UKGovernmentBEIS/inspect_ai

[Question] Scorer execution order enforcement

Closed this issue · 4 comments

Hi,
Is there a way to enforce Scorers order of execution? For example, if I have two scorers (scorer-a and scorer-b) as part of the task, is there a ways to start evaluating scorer-b only after evaluation for scorer-a completed?
I'm trying to find a simple way to introduce custom scorer that will evaluate output of other scorer by storing/retiring key/values from sample "store". For example, after model_graded_fact completes and stores some data into "store" to access the "store" from a subsequent Scorer for additional logic.
For now I was considering two options:

  • write a custom Scorer to replicate built-in model_graded_fact and add additional functionality
  • introduce "completion" flag into "Store" that will be set by wrapper to model_graded_fact, and the new scorer will wait for the flag to be populate to indicate that model_graded_fact is completed.

@dragonstyle can probably comment better on this, but I think for this use case you might want to create a single scorer that produces multiple metrics: https://inspect.ai-safety-institute.org.uk/scorers.html#scorer-with-multiple-values

Are the scorers executed sequentially (for a given Sample)? Is there a facility to exchange information between the scorers other than "Store"?
I could not find scorer information in the Task-state class.

Scorers are run sequentially for each sample.
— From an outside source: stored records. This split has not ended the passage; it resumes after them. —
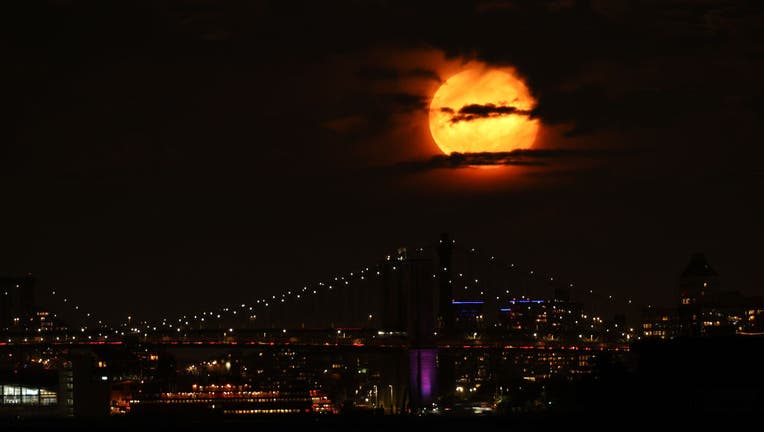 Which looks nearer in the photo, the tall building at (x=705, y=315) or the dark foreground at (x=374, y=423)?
the dark foreground at (x=374, y=423)

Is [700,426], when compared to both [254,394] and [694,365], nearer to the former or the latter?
[694,365]

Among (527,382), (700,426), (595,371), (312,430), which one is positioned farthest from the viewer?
(527,382)

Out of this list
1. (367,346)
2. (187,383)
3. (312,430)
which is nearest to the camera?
(312,430)

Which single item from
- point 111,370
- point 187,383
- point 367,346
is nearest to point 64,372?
point 111,370

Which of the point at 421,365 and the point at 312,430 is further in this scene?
the point at 421,365

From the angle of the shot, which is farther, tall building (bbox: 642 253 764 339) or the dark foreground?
tall building (bbox: 642 253 764 339)

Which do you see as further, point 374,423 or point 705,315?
point 705,315

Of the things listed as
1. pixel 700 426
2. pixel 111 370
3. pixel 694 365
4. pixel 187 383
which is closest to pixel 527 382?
pixel 187 383

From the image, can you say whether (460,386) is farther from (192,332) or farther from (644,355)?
(644,355)

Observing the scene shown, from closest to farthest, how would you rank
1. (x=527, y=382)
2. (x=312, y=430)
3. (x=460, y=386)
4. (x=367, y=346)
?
(x=312, y=430) < (x=367, y=346) < (x=527, y=382) < (x=460, y=386)
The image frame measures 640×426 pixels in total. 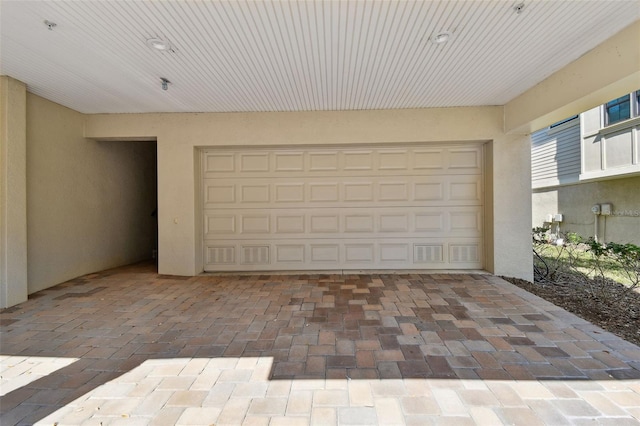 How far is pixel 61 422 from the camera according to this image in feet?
5.26

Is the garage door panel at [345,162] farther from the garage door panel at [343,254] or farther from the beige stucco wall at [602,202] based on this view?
Result: the beige stucco wall at [602,202]

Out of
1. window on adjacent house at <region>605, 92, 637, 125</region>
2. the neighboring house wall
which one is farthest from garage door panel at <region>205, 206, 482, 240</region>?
window on adjacent house at <region>605, 92, 637, 125</region>

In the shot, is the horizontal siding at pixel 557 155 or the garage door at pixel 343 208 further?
the horizontal siding at pixel 557 155

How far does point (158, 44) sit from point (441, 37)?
2.81m

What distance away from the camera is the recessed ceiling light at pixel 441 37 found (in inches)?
104

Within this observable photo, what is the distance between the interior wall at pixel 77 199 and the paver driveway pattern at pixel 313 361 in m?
0.95

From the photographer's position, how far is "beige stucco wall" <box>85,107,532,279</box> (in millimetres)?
4586

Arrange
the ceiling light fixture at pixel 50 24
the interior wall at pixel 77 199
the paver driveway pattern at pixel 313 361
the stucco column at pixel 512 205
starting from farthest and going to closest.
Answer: the stucco column at pixel 512 205
the interior wall at pixel 77 199
the ceiling light fixture at pixel 50 24
the paver driveway pattern at pixel 313 361

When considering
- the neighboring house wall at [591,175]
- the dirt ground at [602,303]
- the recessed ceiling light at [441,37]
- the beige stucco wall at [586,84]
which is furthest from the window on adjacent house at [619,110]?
the recessed ceiling light at [441,37]

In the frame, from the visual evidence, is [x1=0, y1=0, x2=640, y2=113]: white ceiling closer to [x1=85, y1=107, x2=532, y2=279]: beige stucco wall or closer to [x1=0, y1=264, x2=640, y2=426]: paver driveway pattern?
[x1=85, y1=107, x2=532, y2=279]: beige stucco wall

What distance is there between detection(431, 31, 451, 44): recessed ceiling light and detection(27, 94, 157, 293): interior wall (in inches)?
209

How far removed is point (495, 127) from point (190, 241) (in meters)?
5.54

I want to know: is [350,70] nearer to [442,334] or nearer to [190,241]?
[442,334]

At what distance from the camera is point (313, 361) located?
217 cm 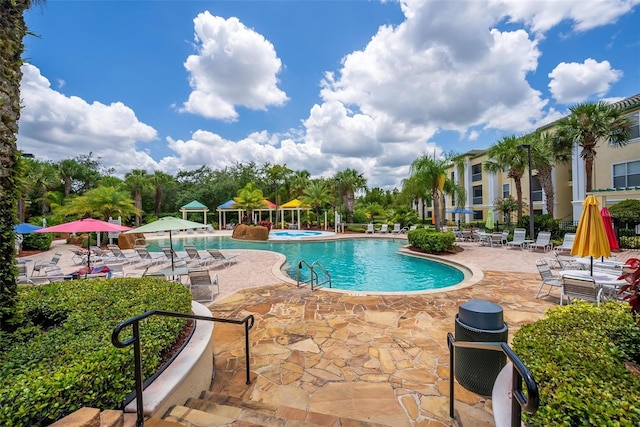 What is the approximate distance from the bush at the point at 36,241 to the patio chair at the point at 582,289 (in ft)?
84.1

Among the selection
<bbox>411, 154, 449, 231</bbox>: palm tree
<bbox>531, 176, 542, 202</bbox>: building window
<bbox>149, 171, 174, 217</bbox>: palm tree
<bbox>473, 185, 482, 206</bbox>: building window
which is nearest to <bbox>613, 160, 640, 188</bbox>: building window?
<bbox>531, 176, 542, 202</bbox>: building window

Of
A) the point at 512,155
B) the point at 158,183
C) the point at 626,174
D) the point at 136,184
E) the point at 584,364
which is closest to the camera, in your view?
the point at 584,364

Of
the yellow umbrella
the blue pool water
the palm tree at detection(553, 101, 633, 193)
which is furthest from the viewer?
the palm tree at detection(553, 101, 633, 193)

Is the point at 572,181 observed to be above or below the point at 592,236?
above

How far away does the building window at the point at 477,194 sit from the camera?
3328cm

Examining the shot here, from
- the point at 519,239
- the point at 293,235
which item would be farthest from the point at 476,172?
the point at 293,235

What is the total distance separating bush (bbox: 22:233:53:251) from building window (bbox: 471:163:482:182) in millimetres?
39738

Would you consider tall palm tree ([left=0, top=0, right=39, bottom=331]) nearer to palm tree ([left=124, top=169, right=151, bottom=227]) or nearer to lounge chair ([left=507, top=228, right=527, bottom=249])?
lounge chair ([left=507, top=228, right=527, bottom=249])

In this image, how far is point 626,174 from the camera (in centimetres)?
1856

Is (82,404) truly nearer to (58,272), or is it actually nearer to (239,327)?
(239,327)

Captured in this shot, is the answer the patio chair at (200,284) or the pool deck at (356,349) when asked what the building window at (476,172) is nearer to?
the pool deck at (356,349)

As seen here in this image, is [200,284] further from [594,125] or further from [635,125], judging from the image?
[635,125]

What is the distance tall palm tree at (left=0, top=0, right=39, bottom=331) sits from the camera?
315 centimetres

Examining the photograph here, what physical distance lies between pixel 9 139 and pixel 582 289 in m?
9.89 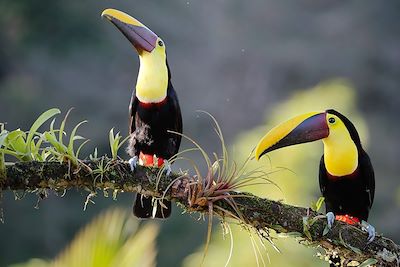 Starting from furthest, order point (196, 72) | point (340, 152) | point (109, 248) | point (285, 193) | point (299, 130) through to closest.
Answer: point (196, 72), point (285, 193), point (340, 152), point (299, 130), point (109, 248)

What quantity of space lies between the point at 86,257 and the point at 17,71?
8.04 metres

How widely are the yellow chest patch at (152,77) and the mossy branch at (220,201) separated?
0.89 m

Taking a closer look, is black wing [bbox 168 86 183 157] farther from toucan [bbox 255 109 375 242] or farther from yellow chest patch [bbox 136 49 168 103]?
toucan [bbox 255 109 375 242]

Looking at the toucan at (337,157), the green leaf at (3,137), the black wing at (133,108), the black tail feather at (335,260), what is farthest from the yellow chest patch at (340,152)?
the green leaf at (3,137)

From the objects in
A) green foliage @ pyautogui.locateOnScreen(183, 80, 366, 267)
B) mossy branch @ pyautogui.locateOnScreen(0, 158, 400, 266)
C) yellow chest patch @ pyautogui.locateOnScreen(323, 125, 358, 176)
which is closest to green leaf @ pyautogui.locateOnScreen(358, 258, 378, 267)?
mossy branch @ pyautogui.locateOnScreen(0, 158, 400, 266)

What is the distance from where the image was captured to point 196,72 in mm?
11078

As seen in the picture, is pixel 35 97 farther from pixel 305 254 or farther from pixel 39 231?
pixel 305 254

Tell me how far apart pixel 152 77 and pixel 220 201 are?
3.21ft

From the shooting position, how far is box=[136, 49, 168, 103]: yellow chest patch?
3.10 meters

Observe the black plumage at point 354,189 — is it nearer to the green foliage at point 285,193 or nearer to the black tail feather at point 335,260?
the black tail feather at point 335,260

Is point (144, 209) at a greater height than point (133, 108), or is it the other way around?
point (133, 108)

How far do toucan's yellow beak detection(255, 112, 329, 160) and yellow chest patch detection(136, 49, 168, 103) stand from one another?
58 centimetres

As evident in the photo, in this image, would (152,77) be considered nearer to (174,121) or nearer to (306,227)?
(174,121)

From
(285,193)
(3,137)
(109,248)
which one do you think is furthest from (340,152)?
(285,193) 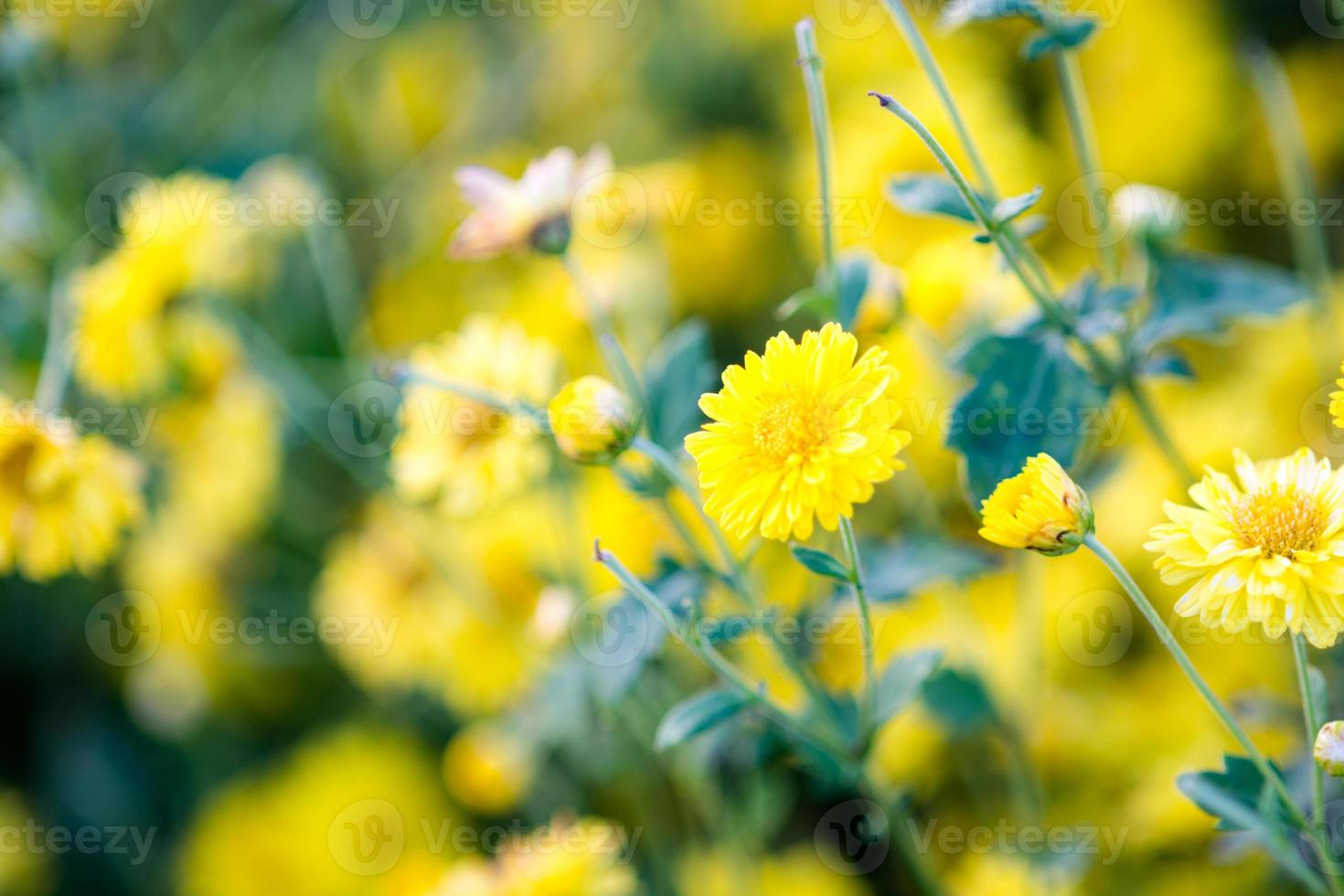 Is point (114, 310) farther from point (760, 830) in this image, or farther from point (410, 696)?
point (760, 830)

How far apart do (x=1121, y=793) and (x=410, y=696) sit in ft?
2.27

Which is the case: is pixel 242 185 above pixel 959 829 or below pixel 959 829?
above

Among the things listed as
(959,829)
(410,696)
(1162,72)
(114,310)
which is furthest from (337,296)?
(1162,72)

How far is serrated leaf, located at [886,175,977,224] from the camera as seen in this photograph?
1.85ft

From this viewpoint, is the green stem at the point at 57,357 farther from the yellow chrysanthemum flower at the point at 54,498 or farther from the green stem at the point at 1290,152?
the green stem at the point at 1290,152

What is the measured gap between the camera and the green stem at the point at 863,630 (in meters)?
0.49

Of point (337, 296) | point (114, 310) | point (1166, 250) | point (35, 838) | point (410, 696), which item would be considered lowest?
point (35, 838)

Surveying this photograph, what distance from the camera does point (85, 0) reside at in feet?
4.67

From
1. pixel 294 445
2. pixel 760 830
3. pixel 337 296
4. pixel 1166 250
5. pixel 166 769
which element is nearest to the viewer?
pixel 1166 250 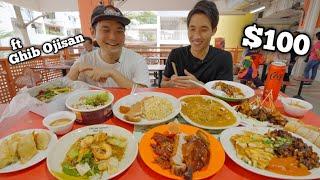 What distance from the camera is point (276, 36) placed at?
2.88 m

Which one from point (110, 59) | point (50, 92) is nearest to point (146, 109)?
point (50, 92)

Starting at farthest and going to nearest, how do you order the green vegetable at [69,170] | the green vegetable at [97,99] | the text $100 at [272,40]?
1. the text $100 at [272,40]
2. the green vegetable at [97,99]
3. the green vegetable at [69,170]

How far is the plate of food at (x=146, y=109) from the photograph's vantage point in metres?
1.09

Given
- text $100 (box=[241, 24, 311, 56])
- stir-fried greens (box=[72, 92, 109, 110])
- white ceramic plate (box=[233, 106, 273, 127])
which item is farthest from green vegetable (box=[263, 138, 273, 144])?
text $100 (box=[241, 24, 311, 56])

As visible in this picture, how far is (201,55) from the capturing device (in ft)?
7.03

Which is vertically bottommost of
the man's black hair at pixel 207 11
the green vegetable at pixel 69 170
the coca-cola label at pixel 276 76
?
the green vegetable at pixel 69 170

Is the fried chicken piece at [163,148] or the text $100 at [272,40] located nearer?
the fried chicken piece at [163,148]

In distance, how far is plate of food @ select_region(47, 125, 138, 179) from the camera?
720 mm

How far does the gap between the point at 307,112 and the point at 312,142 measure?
38 cm

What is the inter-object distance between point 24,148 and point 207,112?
96cm

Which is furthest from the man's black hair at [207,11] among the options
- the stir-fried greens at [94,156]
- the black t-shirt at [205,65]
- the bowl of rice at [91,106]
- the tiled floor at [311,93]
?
the tiled floor at [311,93]

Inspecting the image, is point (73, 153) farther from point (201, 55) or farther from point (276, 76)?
point (201, 55)

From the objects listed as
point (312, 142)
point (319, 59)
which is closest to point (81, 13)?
point (312, 142)

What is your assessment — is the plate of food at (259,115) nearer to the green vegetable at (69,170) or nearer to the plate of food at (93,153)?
the plate of food at (93,153)
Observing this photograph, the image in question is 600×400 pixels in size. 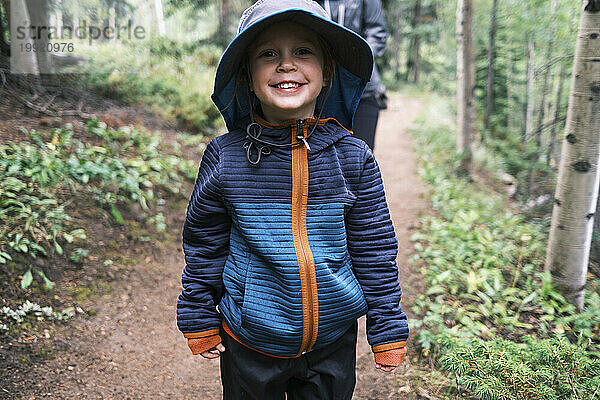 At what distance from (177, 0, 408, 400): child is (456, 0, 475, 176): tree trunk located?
23.2 ft

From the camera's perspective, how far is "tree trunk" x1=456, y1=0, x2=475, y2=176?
7812 millimetres

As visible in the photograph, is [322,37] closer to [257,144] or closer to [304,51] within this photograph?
[304,51]

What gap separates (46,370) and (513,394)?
295 cm

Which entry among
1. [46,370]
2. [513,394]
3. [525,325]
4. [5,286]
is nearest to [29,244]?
[5,286]

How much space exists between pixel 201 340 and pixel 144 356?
1.90 meters

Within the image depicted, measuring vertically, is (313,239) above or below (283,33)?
below

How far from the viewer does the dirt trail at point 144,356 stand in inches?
118

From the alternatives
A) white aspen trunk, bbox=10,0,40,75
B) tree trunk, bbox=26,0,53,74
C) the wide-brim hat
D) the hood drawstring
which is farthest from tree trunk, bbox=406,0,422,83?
the hood drawstring

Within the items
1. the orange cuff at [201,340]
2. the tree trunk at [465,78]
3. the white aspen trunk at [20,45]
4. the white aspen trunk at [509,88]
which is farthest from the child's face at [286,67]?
the white aspen trunk at [509,88]

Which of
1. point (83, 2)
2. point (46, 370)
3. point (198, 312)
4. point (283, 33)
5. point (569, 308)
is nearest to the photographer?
point (283, 33)

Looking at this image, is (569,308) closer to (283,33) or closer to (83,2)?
(283,33)

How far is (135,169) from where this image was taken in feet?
18.2

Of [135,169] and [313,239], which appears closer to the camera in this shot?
[313,239]

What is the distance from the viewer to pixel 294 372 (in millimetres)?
1814
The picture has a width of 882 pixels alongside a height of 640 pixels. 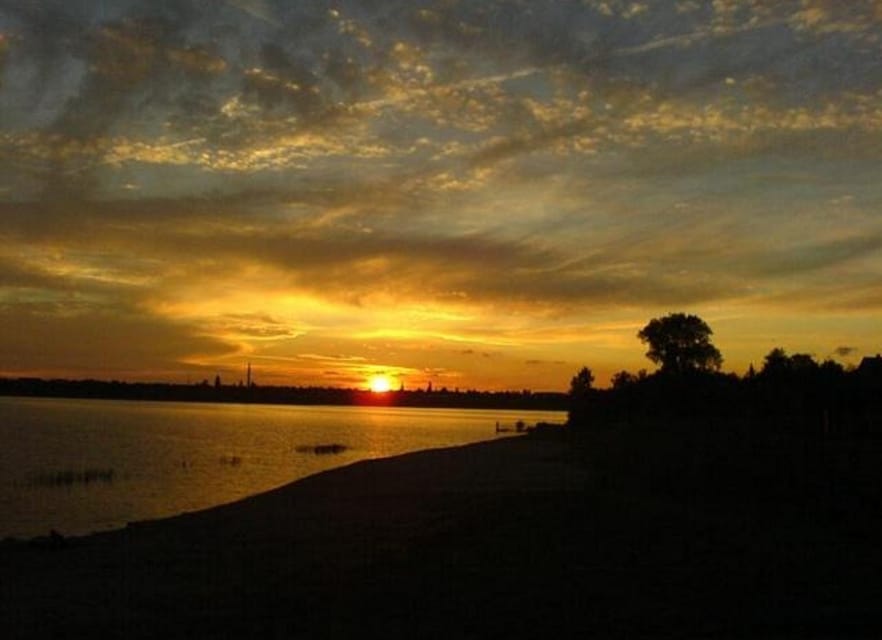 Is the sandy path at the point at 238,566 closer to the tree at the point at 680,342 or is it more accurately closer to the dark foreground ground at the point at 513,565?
the dark foreground ground at the point at 513,565

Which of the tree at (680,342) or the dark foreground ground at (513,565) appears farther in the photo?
the tree at (680,342)

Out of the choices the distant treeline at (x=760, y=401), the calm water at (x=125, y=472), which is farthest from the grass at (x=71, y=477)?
the distant treeline at (x=760, y=401)

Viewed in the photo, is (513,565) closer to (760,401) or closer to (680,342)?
(760,401)

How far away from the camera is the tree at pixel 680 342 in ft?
459

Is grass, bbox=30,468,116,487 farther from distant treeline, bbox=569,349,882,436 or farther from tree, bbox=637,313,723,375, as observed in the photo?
tree, bbox=637,313,723,375

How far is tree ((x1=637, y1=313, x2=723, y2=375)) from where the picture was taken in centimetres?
→ 13988

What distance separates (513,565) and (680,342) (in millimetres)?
128358

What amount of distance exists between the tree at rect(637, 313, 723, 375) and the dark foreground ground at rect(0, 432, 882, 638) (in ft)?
354

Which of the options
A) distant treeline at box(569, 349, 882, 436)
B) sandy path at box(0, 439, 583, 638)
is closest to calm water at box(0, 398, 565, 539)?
sandy path at box(0, 439, 583, 638)

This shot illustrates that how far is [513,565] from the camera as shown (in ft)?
57.9

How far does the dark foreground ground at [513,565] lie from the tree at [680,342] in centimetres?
10802

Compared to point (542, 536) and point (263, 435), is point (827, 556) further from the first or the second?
point (263, 435)

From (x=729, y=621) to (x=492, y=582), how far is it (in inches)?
182

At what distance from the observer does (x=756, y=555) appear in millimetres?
18031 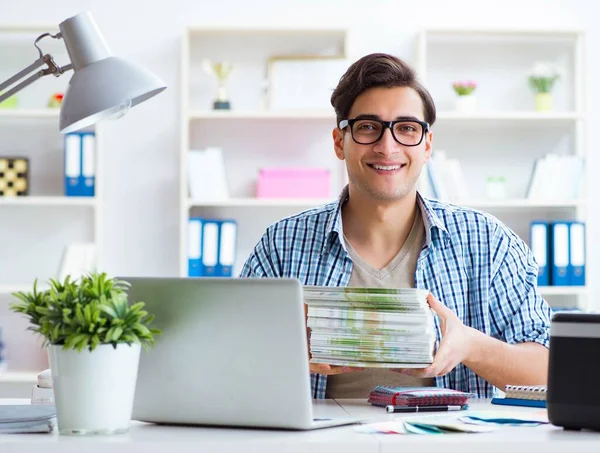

The store is the only method of coordination between scorers I believe.

I agree with @Jallaire here that if the scoring gets very complex, it will often make sense to just create your own standalone scorer that just emits a dict[str, float] (or whatever). Emiting a dictionary as a score value is will handled through the result of the system (you can map metrics onto each score in the dictionary, for example) and it will ultimately resolve into multiple named scores in the result.

This also would allow you to create a pretty readable set of code to deal with the complexity (I think since the coordination between scorers will be through loose data structures and order, it will be inherently fragile and hard to reason about). I don't fully know your use case, so take my thoughts with appropriate grains of salt!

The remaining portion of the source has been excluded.